Campione olimpico da dilettante e campione del mondo in due categorie diverse da professionista. Giovanni Parisi è stato uno dei pugili italiani più forti e amati di tutti i tempi. Infanzia complicata, carriera strepitosa e fine tragica. Giovanni è morto il 25 marzo 2009, a soli 41 anni, in seguito ad un incidente stradale sulla tangenziale di Voghera, la sua città natale. Oggi la storia del pugile, i cui successi sono il risultato di una costanza assoluta e un talento purissimo, viene raccontata in un bel documentario, al momento inedito (è in programma al Matera Sport Film Festival 26-28 novembre) dal titolo “Flash“, il soprannome del boxeur. “Flash – La storia di Giovanni Parisi”, scritto da Federico Riccardo Rossi (attore e produttore) e Marco Rosson (regista), non ha scopo di lucro ed è stato realizzato con il sostegno dell’Associazione Italiana Cultura e Sport. Tra i protagonisti del documentario anche Giacobbe Fragomeni, campione del mondo e amico di Parisi.

Fragomeni, con Parisi eravate quasi coetanei.
Lui era più grande di me di due anni, ma ha iniziato fare la boxe da piccolo, mentre io sono entrato in palestra per la prima volta a 20 anni. Per me è sempre stato un idolo.

Tanto che si trasferì da lui.
Ho iniziato ad allenarmi a Voghera nel 2004 e mi sono fermato lì per qualche anno. Tramite un amico comune, sono andato a parlargli. Giovanni era ancora in attività e lavorava con pugili che di mattina non avevano voglia di svegliarsi per l’allenamento. Mi disse subito: a te non lo permetterò, se sgarri una volta, chiudiamo. Ma io sono sempre stato serio. Mi allenavo tutti i giorni, mai tirato indietro una volta né col caldo né con la neve. Siamo diventati amici.

E vicini di casa.
Vivevo in una casa di sua proprietà, mi faceva pagare solo le spese condominiali senza volere l’affitto. Sul documentario c’è una scena in cui Giovanni corre con il suo cane su un viale alberato. Non so quante volte ho fatto di corsa quella strada con lui…

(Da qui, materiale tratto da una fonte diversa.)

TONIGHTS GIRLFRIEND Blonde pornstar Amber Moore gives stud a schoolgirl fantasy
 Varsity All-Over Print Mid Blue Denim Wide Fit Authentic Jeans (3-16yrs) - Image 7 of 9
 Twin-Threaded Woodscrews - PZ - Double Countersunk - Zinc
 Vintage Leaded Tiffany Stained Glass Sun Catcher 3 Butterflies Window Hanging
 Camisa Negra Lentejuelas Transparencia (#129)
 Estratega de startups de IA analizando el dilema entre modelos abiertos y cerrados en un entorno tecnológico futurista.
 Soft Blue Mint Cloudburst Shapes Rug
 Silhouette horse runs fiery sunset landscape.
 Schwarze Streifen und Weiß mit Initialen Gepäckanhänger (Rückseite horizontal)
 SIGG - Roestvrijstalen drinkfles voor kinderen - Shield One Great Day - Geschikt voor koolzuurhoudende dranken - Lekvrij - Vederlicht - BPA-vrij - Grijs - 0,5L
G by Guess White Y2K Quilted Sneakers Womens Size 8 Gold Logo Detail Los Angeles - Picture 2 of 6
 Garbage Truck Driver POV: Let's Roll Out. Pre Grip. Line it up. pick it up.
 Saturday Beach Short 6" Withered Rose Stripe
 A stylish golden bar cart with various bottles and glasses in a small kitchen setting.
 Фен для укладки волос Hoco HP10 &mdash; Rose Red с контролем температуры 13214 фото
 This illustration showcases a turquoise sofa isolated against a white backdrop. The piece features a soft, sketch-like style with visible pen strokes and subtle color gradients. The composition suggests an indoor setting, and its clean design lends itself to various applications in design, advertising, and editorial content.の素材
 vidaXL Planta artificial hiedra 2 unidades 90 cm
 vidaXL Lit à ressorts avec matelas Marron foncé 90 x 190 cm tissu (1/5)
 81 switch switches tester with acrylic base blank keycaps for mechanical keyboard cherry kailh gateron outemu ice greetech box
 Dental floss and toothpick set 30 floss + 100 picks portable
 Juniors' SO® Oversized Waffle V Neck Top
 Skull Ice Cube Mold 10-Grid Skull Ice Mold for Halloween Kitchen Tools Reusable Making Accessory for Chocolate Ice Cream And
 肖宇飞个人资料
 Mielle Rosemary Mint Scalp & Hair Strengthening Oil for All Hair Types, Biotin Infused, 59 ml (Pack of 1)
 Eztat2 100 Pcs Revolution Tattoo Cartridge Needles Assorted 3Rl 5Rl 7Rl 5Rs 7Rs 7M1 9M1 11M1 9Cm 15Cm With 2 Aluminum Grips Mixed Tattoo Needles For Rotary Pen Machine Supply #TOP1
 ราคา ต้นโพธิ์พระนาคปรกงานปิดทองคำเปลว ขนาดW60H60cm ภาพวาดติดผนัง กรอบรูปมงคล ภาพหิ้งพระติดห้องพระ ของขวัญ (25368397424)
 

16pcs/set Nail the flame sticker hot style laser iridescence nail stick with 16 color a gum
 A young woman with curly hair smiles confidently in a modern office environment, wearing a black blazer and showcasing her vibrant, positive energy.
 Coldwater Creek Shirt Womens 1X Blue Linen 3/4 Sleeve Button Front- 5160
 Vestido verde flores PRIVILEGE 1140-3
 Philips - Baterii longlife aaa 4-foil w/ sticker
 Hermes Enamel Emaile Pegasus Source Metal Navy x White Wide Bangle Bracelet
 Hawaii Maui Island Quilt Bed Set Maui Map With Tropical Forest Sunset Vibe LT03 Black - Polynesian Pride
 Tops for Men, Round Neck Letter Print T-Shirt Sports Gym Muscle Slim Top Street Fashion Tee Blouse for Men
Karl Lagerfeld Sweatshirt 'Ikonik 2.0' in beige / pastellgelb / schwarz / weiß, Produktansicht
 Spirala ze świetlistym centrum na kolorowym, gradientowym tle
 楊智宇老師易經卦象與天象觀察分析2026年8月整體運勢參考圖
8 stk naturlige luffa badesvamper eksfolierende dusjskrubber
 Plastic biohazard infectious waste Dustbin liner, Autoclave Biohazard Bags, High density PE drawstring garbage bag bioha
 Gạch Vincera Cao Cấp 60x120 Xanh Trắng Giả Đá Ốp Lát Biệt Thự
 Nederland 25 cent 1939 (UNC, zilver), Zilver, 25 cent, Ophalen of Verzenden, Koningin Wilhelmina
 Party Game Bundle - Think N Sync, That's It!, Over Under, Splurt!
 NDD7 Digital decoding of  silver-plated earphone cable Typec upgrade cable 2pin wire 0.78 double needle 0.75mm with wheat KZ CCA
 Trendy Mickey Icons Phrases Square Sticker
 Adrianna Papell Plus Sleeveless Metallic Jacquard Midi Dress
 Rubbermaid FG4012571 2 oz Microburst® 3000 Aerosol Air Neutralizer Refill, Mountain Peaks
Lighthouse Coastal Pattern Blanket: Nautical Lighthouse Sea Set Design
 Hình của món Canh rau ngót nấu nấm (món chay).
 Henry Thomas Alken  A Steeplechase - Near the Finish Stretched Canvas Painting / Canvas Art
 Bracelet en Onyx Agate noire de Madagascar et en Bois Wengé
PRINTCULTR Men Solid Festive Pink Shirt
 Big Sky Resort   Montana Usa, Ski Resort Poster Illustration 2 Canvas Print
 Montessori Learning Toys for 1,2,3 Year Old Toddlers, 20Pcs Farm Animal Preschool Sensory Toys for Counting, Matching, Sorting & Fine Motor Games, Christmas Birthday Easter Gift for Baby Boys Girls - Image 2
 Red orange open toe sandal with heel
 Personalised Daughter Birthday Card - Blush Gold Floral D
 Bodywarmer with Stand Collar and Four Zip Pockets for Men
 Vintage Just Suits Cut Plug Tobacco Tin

Cosa le ha insegnato Parisi?
Lui era un metodico, faceva sempre le stesse cose. Perché così durante il match sarebbero arrivate automatiche. Era proprio così, aveva ragione! Mi ha insegnato come allenarsi nel professionismo, ancora oggi da allenatore io uso i suoi metodi.

Parisi era Flash.
Io facevo i guanti con lui, a me serviva la velocità. Nella mia categoria, i massimi leggeri, sono tutti pesanti. Quando riuscivo a schivare i suoi colpi, voleva dire che ero pronto per l’incontro. Che avevo la concentrazione e la forma giusta. Io ero un incassatore e i suoi pugni non mi facevano male, ma quando partiva con una serie sentivo come il suo suono di una batteria…

Ci fu intesa anche a livello umano?
Correvamo insieme dodici chilometri al giorno e alla domenica ne facevamo venti. Parlavamo molto, ci capivamo, venendo entrambi da un’infanzia simile. Tutti e due di origine calabrese e col papà assente. Avevo il campione accanto che raccontava la sua vita e la sua carriera, io ascoltavo come un fan.

Nel frattempo Parisi continuava a combattere.
Vidi a bordo ring il suo ultimo match, nel quale perse l’Europeo dei Welter. Lì combatte solo con l’orgoglio, ma non era più il Parisi di un tempo. Anni prima quell’avversario se lo sarebbe preso al massimo come sparring partner.

Sul documentario il manager Cherchi dice che Parisi è stato il pugile più forte italiano degli ultimi 40 anni.
Vero, vero. Benvenuti, Oliva, Stecca e lui. Campioni olimpici da dilettanti e poi campioni mondiali da professionisti.

C’è oggi qualche pugile che le ricorda Parisi?
Per alcuni movimenti, con le dovute proporzioni, direi Emiliano Marsili.